**Problem to work on**
Please give the records below again in full, exactly, with the images left out.

*** Opening Record set ***

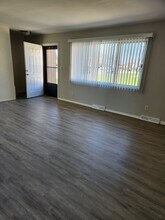 West View Townhomes in Milwaukee, WI - Building Photo - Interior Photo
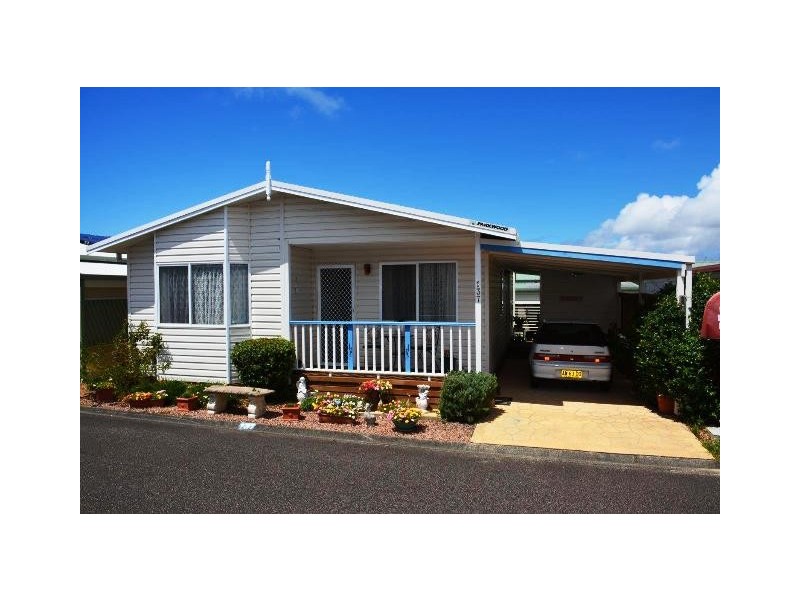 137 Sixth Street, Chain Valley Bay NSW 2259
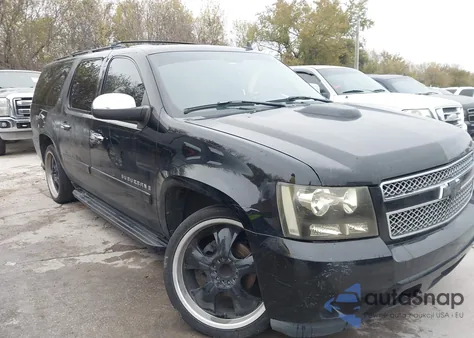 2008 Chevrolet Suburban 1500 Ltz из США, поврежденный, VIN 1GNFC160X8R122975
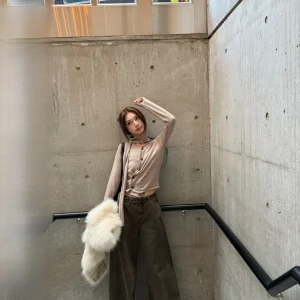 Yangzifan Women's Knitted round Ne Sweater Asymmetrical Pleated as Two-Way Wear Lazy Open Cardigan Autumn Faion Top - AliExpress Sweaters&Jumpers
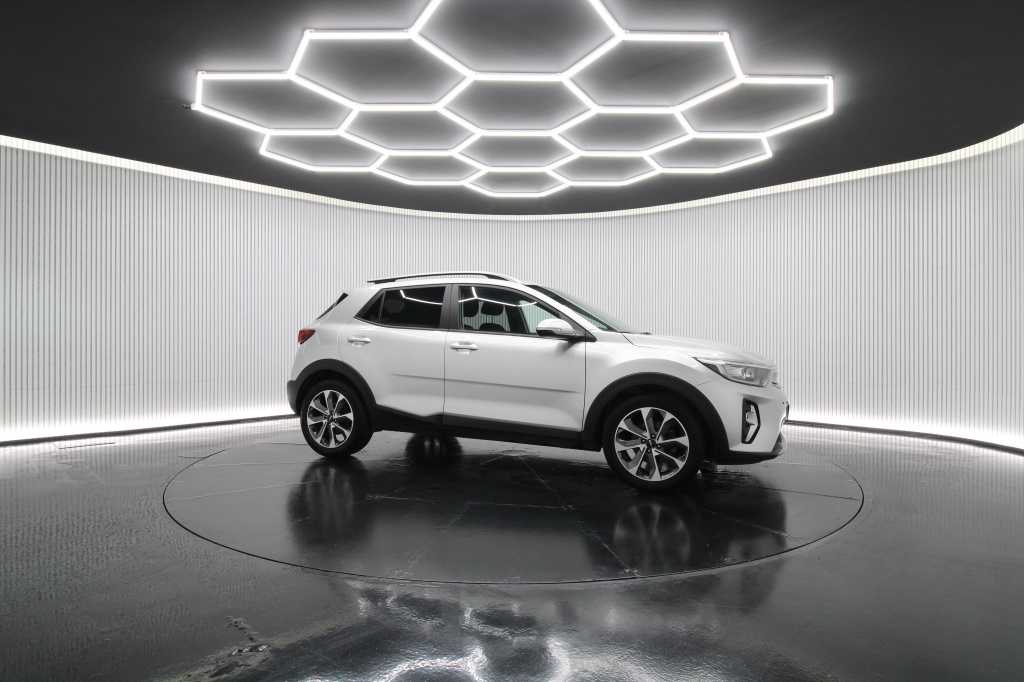 kia-stonic-2024-gasolina-998cc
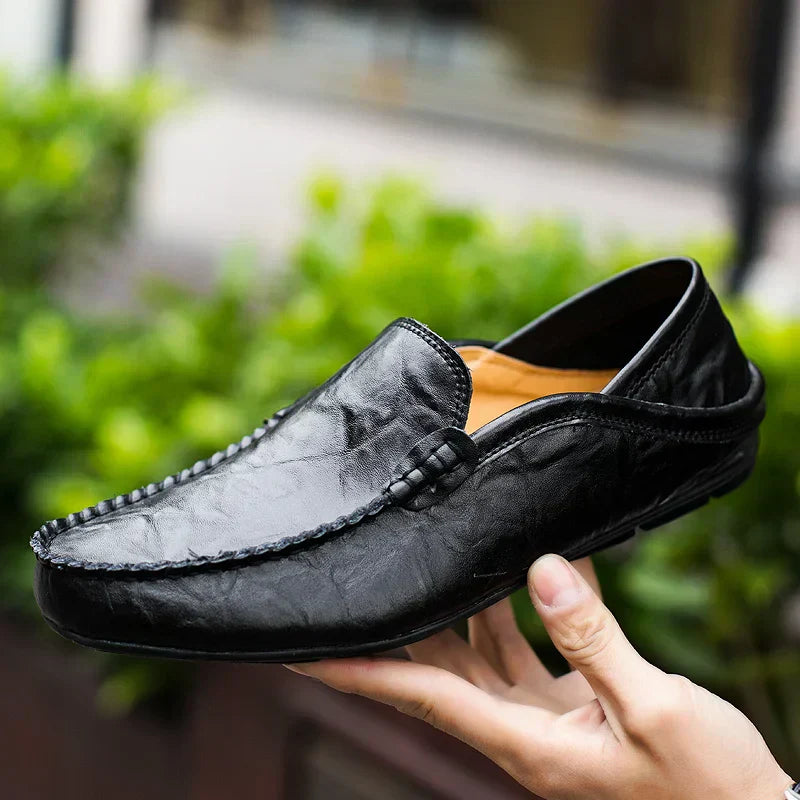 Hoogwaardige heren leren loafers in zwart, klassiek design, elegant, comfortabel, gemaakt van ademend, duurzaam materiaal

*** Closing Record set ***

**Response to this task**
 West View Townhomes in Milwaukee, WI - Building Photo - Interior Photo
 137 Sixth Street, Chain Valley Bay NSW 2259
 2008 Chevrolet Suburban 1500 Ltz из США, поврежденный, VIN 1GNFC160X8R122975
 Yangzifan Women's Knitted round Ne Sweater Asymmetrical Pleated as Two-Way Wear Lazy Open Cardigan Autumn Faion Top - AliExpress Sweaters&Jumpers
 kia-stonic-2024-gasolina-998cc
 Hoogwaardige heren leren loafers in zwart, klassiek design, elegant, comfortabel, gemaakt van ademend, duurzaam materiaal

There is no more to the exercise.